▶ [Exercise requirements]:
The data below should be copied over with complete accuracy.

▶ [Records provided]:

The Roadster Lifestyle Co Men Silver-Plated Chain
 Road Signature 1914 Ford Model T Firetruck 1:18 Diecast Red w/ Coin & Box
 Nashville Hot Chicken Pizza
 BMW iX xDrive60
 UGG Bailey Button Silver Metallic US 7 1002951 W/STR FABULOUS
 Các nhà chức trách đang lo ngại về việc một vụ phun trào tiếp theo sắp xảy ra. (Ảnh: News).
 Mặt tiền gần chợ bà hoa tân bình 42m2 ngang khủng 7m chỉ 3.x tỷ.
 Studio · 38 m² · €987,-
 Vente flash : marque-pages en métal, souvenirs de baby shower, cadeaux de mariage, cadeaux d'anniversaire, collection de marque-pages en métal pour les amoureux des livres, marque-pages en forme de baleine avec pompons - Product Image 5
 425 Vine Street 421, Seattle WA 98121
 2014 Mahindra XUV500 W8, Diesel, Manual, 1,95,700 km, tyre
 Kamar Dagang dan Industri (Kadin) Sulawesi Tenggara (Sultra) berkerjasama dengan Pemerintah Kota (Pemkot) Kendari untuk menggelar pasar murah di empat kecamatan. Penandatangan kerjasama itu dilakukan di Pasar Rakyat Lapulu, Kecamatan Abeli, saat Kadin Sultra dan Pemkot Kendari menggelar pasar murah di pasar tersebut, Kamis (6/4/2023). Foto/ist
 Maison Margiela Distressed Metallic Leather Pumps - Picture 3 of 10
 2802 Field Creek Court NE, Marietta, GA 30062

▶ [Answer to this exercise]:
The Roadster Lifestyle Co Men Silver-Plated Chain
 Road Signature 1914 Ford Model T Firetruck 1:18 Diecast Red w/ Coin & Box
 Nashville Hot Chicken Pizza
 BMW iX xDrive60
 UGG Bailey Button Silver Metallic US 7 1002951 W/STR FABULOUS
 Các nhà chức trách đang lo ngại về việc một vụ phun trào tiếp theo sắp xảy ra. (Ảnh: News).
 Mặt tiền gần chợ bà hoa tân bình 42m2 ngang khủng 7m chỉ 3.x tỷ.
 Studio · 38 m² · €987,-
 Vente flash : marque-pages en métal, souvenirs de baby shower, cadeaux de mariage, cadeaux d'anniversaire, collection de marque-pages en métal pour les amoureux des livres, marque-pages en forme de baleine avec pompons - Product Image 5
 425 Vine Street 421, Seattle WA 98121
 2014 Mahindra XUV500 W8, Diesel, Manual, 1,95,700 km, tyre
 Kamar Dagang dan Industri (Kadin) Sulawesi Tenggara (Sultra) berkerjasama dengan Pemerintah Kota (Pemkot) Kendari untuk menggelar pasar murah di empat kecamatan. Penandatangan kerjasama itu dilakukan di Pasar Rakyat Lapulu, Kecamatan Abeli, saat Kadin Sultra dan Pemkot Kendari menggelar pasar murah di pasar tersebut, Kamis (6/4/2023). Foto/ist
 Maison Margiela Distressed Metallic Leather Pumps - Picture 3 of 10
 2802 Field Creek Court NE, Marietta, GA 30062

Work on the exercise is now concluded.